Flipping Out Over Bean Boots

By Tom Bell
Portland Press Herald, Maine.

Some savvy capitalists are profiting from the scarcity of L.L. Bean boots by reselling them on the Internet at marked-up prices.

Call them boot scalpers.

This is how it works:

Need a pair of size 9 women’s tumbled leather shearling-lined L.L. Bean boots by Christmas? Those boots retail at the Freeport store and on its website for $199, but the historic outfitter and apparel company can’t keep up with demand. For that model and size, the company expects to deliver the boots Jan 4.

But a Scarborough resident with the eBay name “jenque” will sell you a brand new pair and deliver them on Dec. 10. The price: $399.

Mainers in Harrison, Scarborough, Portland, Bath and Bangor are among the many eBay and Amazon retailers hoping to make money by speculating on the classic rubber-bottom boots and reselling them.

The practice is called “retail arbitrage” or “flipping.” People buy items at a marked-down or a retail price and sell them online at a profit.

Traders have been making transactions like this since the dawn of capitalism, but the Internet has made it so much easier.

It famously happened in 2006 when Toys R Us began selling Tickle Me Elmo, and the doll almost immediately was sold out nationwide. Then Tickle Me Elmo began appearing on eBay at prices up to $500.

Thousands of people across the country today are operating home businesses based on this concept, said Skip McGrath, an online retailer and author of several books, including “The Complete Idiots Guide to eBay.”

The business is based on the law of supply and demand, he said. The key is to buy a product with a limited supply and growing demand.

“The seller has to have knowledge about which products are going to be hot,” he said.

It helps to have a deadline, like Christmas or Mother’s Day, because people are willing to pay more for a product if they need it quickly, he said.

For example, in September 2013, Toys R Us had a clearance sale of Buzz Lightyear goggles with built-in flashlights. The store was selling the goggles for $6, or less than half the normal price. McGrath had the notion that goggles would be a popular item for Halloween and bought a bunch. He sold them on eBay for $14.95 and jacked up the price above $20 as Halloween approached. He sold them all.

The online trades may appear to offer little value to society, but they do serve a purpose, McGrath said.

“People want stuff, and they want it now,” he said. “If the local store is out of a toy and that’s what their granddaughter wants for Christmas, they will go online and pay any price.”

In the case of L.L. Bean, college and high school students have driven up demand for the iconic boot, and the company’s factories in Brunswick and Lewiston can’t keep up.

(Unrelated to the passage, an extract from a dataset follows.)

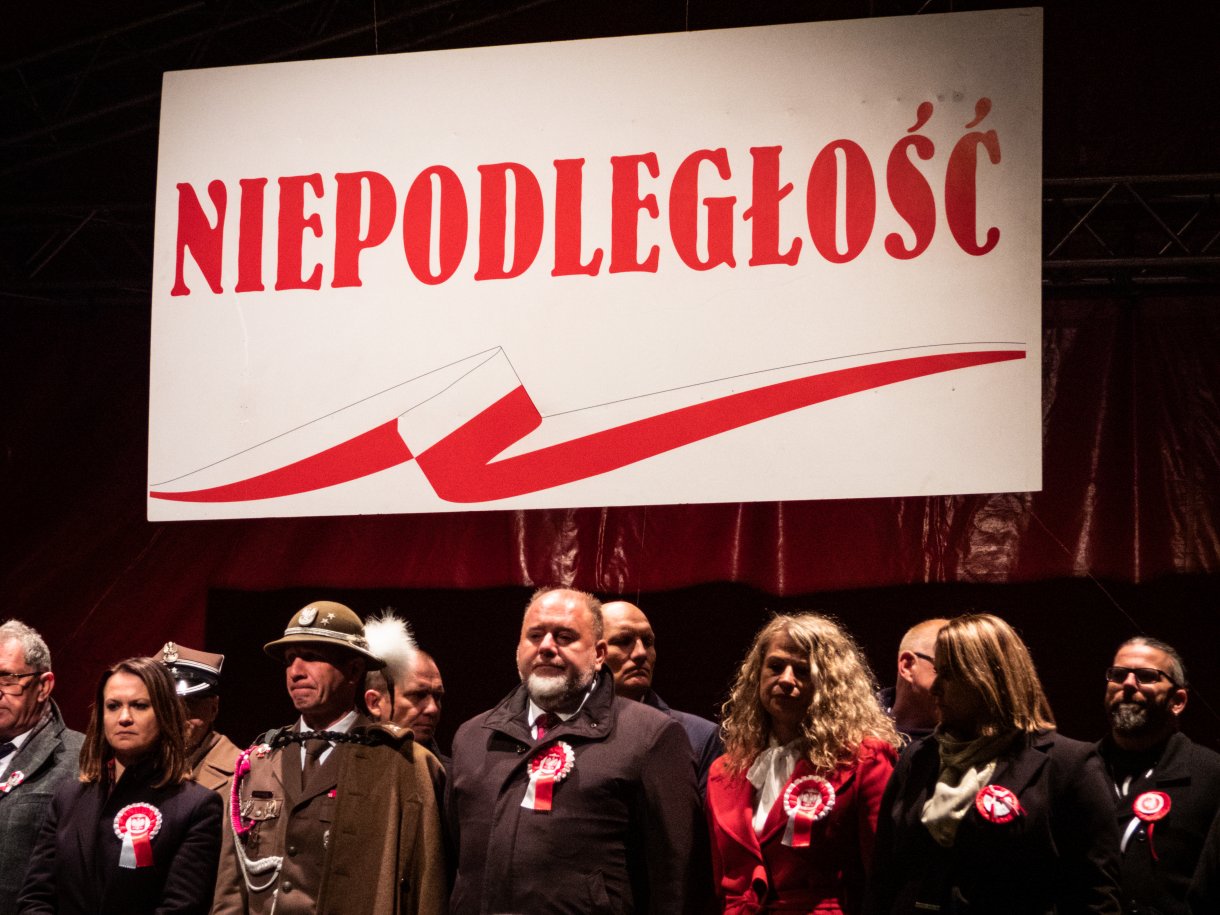 uczestnicy obchodów święta niepodległości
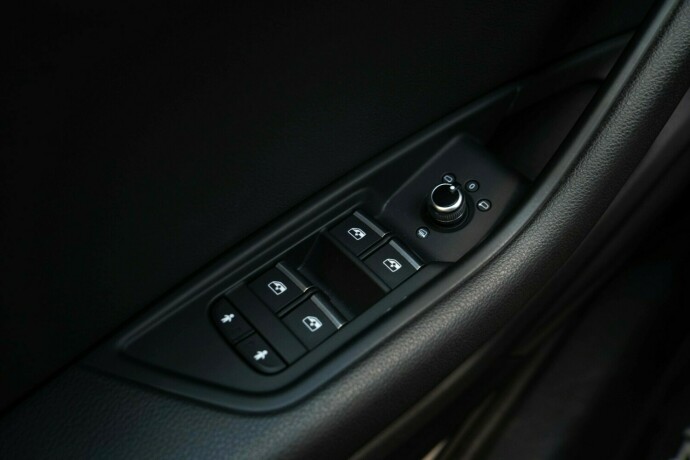 audi-a4-elektrisitetbensin-2019-big-23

A decade ago, the company sold about 100,000 pairs of boots a year. This year it will be selling 450,000, company officials said.
L.L. Bean sells 65 versions of boots, ranging in price from $79 for a low-cut boot to $199 for a shearling-lined women’s boot.

Many of the most popular styles are out of stock and on backorder. Boots ordered now online or by telephone through the retailer’s catalogs likely won’t be shipped until after the holidays are over.

The company is hiring 100 workers to make more boots.

“We’re making them as fast as we can,” said Mac McKeever, a company spokesman.

The company won’t consider raising its prices to capitalize on the surge in demand because it wants to maintain the “integrity” of its original price, he said.

“That is something we do not do.”

McKeever said the company isn’t worried about retail arbitrage traders. He said the fact that people are selling the boots at marked-up prices indicates the boots’ popularity.

The company has seen it before with other products, such as a limited-edition bag made from the rain tarp used at Boston’s Fenway Park, McKeever said.

“We have seen cases like this before,” he said. “Anytime you have a product that is in high demand, you are going to see things like that.”